When the children were young, the Telemachus family reached the brink of celebrity as psychic performers. Their mother, Maureen was clairvoyant and could “see” across great distances to tell you what a loved one was doing miles away. Irene could tell when people were lying. Frankie was telekinetic. He could move things with his mind. And Buddy could see into the future. Their father Teddy, however, walked the fine line between magician and con man.

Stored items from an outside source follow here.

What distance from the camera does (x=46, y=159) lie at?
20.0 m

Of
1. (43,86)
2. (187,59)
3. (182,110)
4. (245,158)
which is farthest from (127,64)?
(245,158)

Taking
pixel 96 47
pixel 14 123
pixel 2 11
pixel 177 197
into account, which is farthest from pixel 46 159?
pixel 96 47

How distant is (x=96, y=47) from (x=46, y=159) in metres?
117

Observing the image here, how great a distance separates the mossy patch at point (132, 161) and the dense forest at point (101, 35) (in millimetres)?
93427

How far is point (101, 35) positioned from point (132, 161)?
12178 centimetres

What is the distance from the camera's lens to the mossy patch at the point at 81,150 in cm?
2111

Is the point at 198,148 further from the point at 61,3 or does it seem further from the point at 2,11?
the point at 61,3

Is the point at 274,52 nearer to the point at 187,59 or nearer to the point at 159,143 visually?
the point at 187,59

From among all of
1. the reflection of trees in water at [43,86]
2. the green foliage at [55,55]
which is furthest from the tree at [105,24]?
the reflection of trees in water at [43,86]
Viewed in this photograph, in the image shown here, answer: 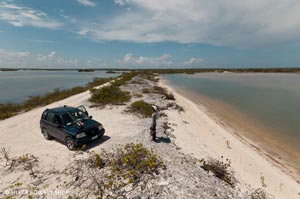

After being debunked on national TV the family faded back into “normality.” Teddy, because of his skill at cards and cons, is employed by a local mobster. Maureen, because her gift is real, continues her job with the Star Gate project.
Then she dies.
Without Maureen to coach them, the children struggle to cope with their abilities. Because Irene is a human lie detector all of her relationships sour because everyone lies. Frankie, only vaguely aware of his ability to move objects with his mind, has fallen in love with the notion of celebrity and is dangerously in debt to the local mobster (his father’s former employer). But Buddy who can see the future has the toughest time of all the Telemachus children. He is a silent behemoth who the family has learned to leave to his own devices. He is constantly doing construction on the house. He lives with his father along with Irene and her son, Matty.
Irene moved back into her father’s house after a bad divorce and job loss. Unbeknownst to anyone, Matty’s abilities have manifested with the onset of adolescence. The book begins with him clumsily spying on his cousin Mary Alice. This inadvertently triggers his ability. He has his Grandma Mo’s abilities. Like her, his clairvoyant and can see across distances. Afraid to tell his mother, he tells his Uncle Frankie, who exploits Matty’s ability to achieve his own goals.
Each chapter of Spoonbenders is given the name of the family member being discussed except the chapters towards the end of the book where the chapter titles are represented by Zener cards, the illustrated cards used to test psychic ability. To his credit Daryl organically weaves together the individual stories of Teddy and his children to create a very satisfying end. Each Telemachus child, Teddy, and Matty have a stake in the book’s ending.
Buddy and Irene’s stories were my favorite. Daryl effectively depicts the sad consequences of Buddy’s psychic ability. We all at times wish we knew what was going to happen next. We rarely want to consider what would happen if we actually knew. I couldn’t help wondering if Maureen would have been able to help him were she still alive. Daryl gives Buddy a satisfying end as he draws together all of Buddy’s activity throughout the book in a believable manner.
In Irene’s story, Daryl captures the humor and anxiety of adult dating. His description of her waiting at the airport for Joshua, her online lover, is my favorite bit of observational poesy in the book. She has many rules for Joshua like he is not allowed to speak any “pleasantries” or use “emotion words.” Irene is a symbol for those who are more comfortable speaking online than in person but didn’t start out that way. Though set in the 90s, the dawn of home computing and the internet, her story is a very 21st Century social media and texting story.